Although I’m not a big fan of my power company, they do provide me with some good information about my swamp cooler, and energy use in general. NV Energy has an online feature that allows you to get your actual energy costs in 15 minute increments. The information is very telling.
The picture above is my personal usage on hot, humid day in late July last year. I picked a day that was humid enough where I would not be able to use a swamp cooler and would have to use traditional air conditioning. This would allow me to see the actual costs of running the a/c.
To get my swamp cooler power costs, I used a Kill-a-watt meter and ran the cooler for several days. Some of the days were run on “low” and at other times on “high”. The "low" setting used .35 kWh (at $0.13 per kWh costs me $0.045 cents per hour to run), and at the “high” speed used .62 kWh to run (at $0.13 per kWh cost me $0.08 cents per hour to run). So depending on the speed, if I ran the swamp cooler 24 hours per day, my cost would be between $1.08-1.92 per day in electricity.
Shifting to air conditioning, if you look at the graph above, you can see spikes in the usage. These are times when the air conditioner turns on. The tall spikes between Noon and 8pm indicate times when both air conditioners are running simultaneously.

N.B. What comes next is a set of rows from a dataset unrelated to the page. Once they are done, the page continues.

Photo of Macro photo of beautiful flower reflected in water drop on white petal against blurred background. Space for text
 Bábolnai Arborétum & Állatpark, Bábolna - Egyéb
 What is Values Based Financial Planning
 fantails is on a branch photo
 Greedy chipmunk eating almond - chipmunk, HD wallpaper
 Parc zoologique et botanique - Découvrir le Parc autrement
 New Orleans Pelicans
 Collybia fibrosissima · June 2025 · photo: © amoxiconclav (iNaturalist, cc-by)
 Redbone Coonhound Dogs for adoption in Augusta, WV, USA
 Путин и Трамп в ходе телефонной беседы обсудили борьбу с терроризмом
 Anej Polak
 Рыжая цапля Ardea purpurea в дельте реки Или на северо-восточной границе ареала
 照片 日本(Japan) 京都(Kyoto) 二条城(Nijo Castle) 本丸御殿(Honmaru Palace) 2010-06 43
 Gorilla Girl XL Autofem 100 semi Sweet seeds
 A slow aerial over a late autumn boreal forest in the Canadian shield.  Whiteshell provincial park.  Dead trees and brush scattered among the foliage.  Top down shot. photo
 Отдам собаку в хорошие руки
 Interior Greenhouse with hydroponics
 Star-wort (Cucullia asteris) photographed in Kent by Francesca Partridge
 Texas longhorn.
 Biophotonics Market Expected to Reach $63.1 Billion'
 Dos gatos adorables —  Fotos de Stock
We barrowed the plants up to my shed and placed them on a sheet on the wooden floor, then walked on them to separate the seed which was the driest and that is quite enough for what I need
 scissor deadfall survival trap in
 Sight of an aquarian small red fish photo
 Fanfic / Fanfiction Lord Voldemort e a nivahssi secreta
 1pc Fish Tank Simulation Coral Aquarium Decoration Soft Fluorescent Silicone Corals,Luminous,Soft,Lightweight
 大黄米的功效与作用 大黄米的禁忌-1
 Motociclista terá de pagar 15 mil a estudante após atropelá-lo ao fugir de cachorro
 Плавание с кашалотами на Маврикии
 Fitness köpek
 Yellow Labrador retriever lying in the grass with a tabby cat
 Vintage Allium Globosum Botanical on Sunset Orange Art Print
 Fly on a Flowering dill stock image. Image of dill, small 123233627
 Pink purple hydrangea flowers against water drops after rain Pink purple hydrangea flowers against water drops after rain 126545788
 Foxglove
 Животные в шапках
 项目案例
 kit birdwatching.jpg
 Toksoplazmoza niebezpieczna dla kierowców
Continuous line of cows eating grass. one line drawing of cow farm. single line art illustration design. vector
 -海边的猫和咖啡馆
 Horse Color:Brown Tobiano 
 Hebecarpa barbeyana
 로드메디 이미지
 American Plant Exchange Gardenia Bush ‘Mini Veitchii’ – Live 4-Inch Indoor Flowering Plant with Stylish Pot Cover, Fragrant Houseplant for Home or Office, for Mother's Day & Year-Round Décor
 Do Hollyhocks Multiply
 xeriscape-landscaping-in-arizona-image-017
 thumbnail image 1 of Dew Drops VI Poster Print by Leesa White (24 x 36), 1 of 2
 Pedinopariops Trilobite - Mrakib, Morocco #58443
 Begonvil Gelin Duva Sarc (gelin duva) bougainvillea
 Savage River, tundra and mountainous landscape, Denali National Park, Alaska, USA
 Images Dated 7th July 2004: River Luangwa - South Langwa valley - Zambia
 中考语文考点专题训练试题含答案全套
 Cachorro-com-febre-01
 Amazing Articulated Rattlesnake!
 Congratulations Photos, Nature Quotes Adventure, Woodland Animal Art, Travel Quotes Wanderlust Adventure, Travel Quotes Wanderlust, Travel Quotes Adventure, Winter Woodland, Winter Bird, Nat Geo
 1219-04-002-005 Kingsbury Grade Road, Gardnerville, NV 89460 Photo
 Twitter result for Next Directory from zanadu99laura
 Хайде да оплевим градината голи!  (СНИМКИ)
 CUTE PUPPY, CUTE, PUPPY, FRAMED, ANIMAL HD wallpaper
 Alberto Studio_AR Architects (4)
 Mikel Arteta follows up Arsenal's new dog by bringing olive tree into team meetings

On this day, it looks like my baseline electricity usage is about .75 kWh every 15 minutes (way too high). When the air conditioners turn on, the kWh usage rises by approximately 2 kWh every 15 minutes (or about 8 kWh per hour!). At it’s peak usage, that would cost $1.04 PER HOUR for air conditioning only! According to the graph, that would be the maximum. I arrived at this my deducting the baseline amount from the peak usage.
You can easily calculate the energy cost of seasonal usage, in this case air conditioning. Whether you use all electric or have a combustion source for heat, such as natural gas or propane, using your power bill is a handy tool.
You will need to have a twelve month history of your power consumption. Most invoices will have a graph that will allow you to approximate the usage, although you may need to call your utility for the information. You will be determining your baseload consumption and seasonal consumption. Baseload consumption are things that don’t vary with the seasons like lighting, the refrigerator, and other appliances. Seasonal energy use includes heating and cooling. We will focus on cooling here and the energy costs associated with it.
With twelve months of electricity consumption in front of you, find the three lowest months and add them together. Then divide this amount by three (this will give you an average for the lowest months of the year). Then multiply this amount by 12 for the approximate annual baseload energy usage. You now have your annual baseload figure. *Be careful here as some utilities will show daily usage by month, in which case you will need to multiply this baseload figure by 365 to get the annual figure. You will need to read your bill to determine if you need to do this.
To determine the seasonal use for your cooling, add the actual kWh (Kilowatt hours) used for all twelve months to arrive an an actual electric usage. Now we just need to subtract our baseload figure from the annual figure to arrive at the seasonal consumption in kWh. Then multiply this kWh by the cost on your power bill to get your dollar cost of seasonal cooling.